Why Not a Higher SWR?

Over the long term, a portfolio of 100% stocks (before taxes and fees) has historically returned a real annualized inflation adjusted return of 6-7%. Therefore, if you only withdraw 4% of those earnings per year, your portfolio should increase 3% each year. So why not a 6-7% SWR?

The issue is that those returns don't come in gradually and consistently, they come in spurts with a lot volatility in between. Poor returns in early phases of financial independence are particularly bad. There is a chance that the day you reach your financial independence wealth goal the market crashes 20% or more. A nest egg 20% smaller will grow significantly slower than the original amount, which puts the whole account at risk of being drained if the withdrawal rate is too high. This is referred to as sequence of return risk.

A SWR of 4% was determined by researchers evaluating the optimal SWR that would keep a portfolio balance above 0 after a 30 year period even after weathering the worst possible historical sequence of returns.

Why Not a Lower SWR?

A quick Google search will show plenty of detractors from the 4% rule. They argue it should be lower for a variety or reasons (slower economic growth, lower interest rates, etc..).

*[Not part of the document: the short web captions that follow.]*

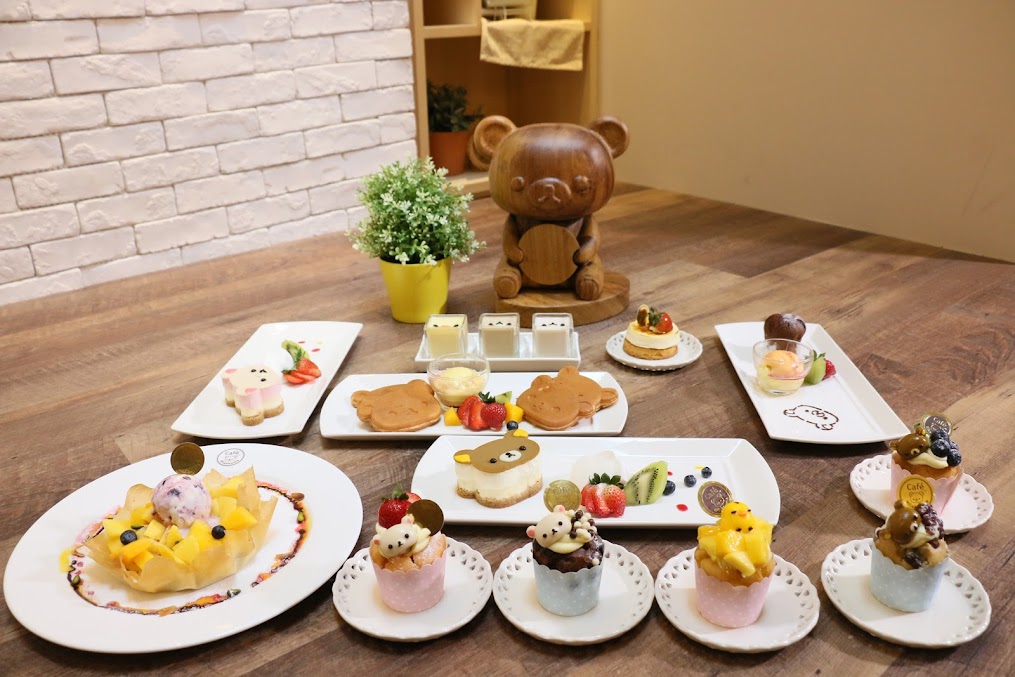【台北|大安】拉拉熊主題餐廳Rilakkuma Café-東區餐廳-下午茶甜點完全攻略-拉拉熊Q家族（捷運忠孝敦化站） @海綿飽飽的鳳梨城堡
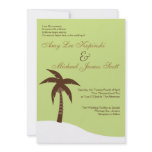 GREEN PALMTREE CARIBBEAN DESTINATION WEDDING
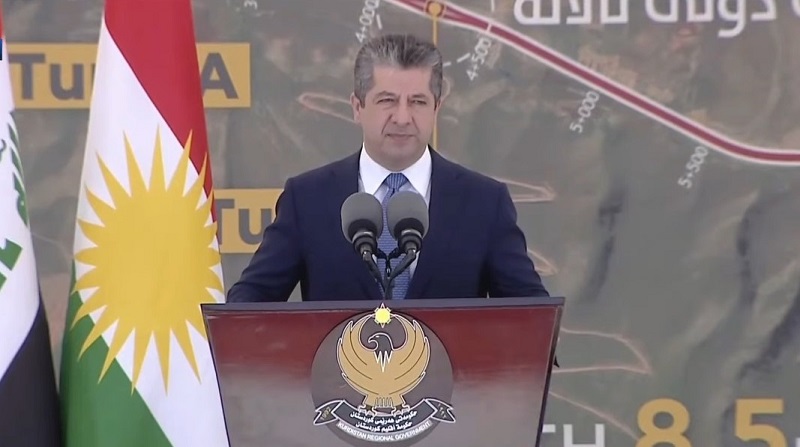 مه‌سروور بارزانی : گرینگییەكی زۆرمان لە هەموو ناوچەكان بە ڕێگەوبان وەك ژێرخانی ئابووری كوردستان داوە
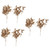 Abaodam 6 Pcs Kim Leaf Bouquet Wreath Ornament Leaf Christmas Glitter Leaves Christmas Foliage Christmas Shrubs Leaves Glitter Leaves Picks Christmas Tree Plastic Artificial Leaf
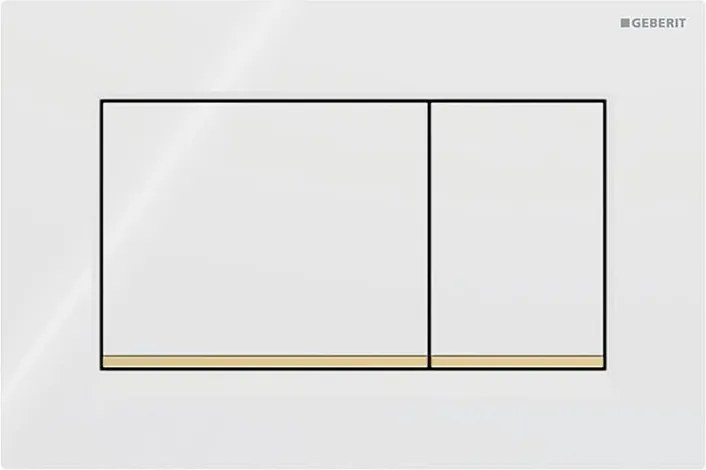 Geberit 115.883.KK.1 - Sigma30 öblítő nyomólap 24,6x16,4 cm fehér/arany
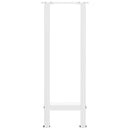 vidaXL 2 db fehér acél konzolasztal láb 38x(72-73) cm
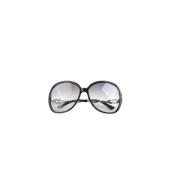 Pre-owned Plastic sunglasses Bvlgari Vintage , Black , Dames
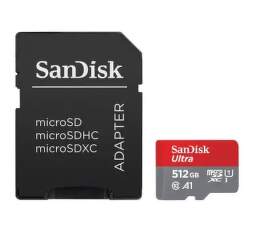 Sandisk Ultra MicroSDXC 512 GB 150 MB/s UHS-I + adaptér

One of the key themes here is that it's very difficult to be 100% certain of anything. In this case, the additional wealth needed to gain a marginal point of certainty is high. The good news is that, depending on your philosophy and situation, being 100% certain isn't necessary.

If you happen to get very unlucky and reach financial independence at the beginning of one of the worst historical periods for growth, you likely have options. The 4% rule is very rigid and assumes constant withdrawals of a fixed (but inflation-adjusted) amount each year from your portfolio regardless of market conditions. A little flexibility to decrease spending or a willingness generate even just a little income before or during periods of slow growth can go a long way to ensuring portfolio longevity.

Make Up Your Mind

This tool uses a SWR of 4% by default. You can make it higher or lower under the 'assumptions' accordion. Here are some other interesting takes on SWR:

The Trinity Study4%Study that popularized the '4% rule' originally proposed by William Bengen.
Retirement Researcher3.94% (US)Historical SWR by investment allocation and country.
Mad Fientist3.5% - 5.5%Adaptive SWR for early retirees (longer than 30 years), depending on market valuations.
Financial Samurai0.5%Government bond only portfolio in a low interest rate environment.

ROI Assumptions

The default return assumption for this calculator is 6.11%. This is based off the inflation-adjusted historic return of the S&P 500 index adjusted downward by a 15% capital gains tax rate and a 0.03% expense ratio.

Feel free to adjust the sliders in the assumptions accordion.

  • Changing the SWR slider changes how much wealth you'll need to accumulate to reach financial independence.
  • Changing the ROI slider affects the how much every dollar you spend increases the amount of time required to reach that wealth goal.


Clearly, many things are worth their cost. That's for you to decide. You may or may not be tempted by the 40 seconds of financial independence you gain by picking up a penny off the ground and investing it, or from the 16 minutes and 50 seconds you get from doing the same with a quarter. Either way, hopefully now when you decide to part with your hard-earned money, you'll have a better idea of what you're giving up!

  1. Late one night in New Hampshire I just got off of a flight from Denver and was starving. I busted into the closest McDonald's I could find and boldly declared "Two Hot 'n Spicys, please!". The very Bostonian man behind the counter looked up at me, perplexed, and said "Two what?". "Hot n Spicys?" I said, much less confidently. I looked up at the menu and to my horror, in the place of the Hot n' Spicy on the Dollar Menu was just the word "McChicken". "Ummm... two McChickens". So I ate the two bland chicken sandwiches.. meh. I learned later that the Hot n’ Spicy McChicken is a regional delicacy those who don't live in certain parts of the south and southwestern United States will have to travel to appreciate. This is what you're missing out on.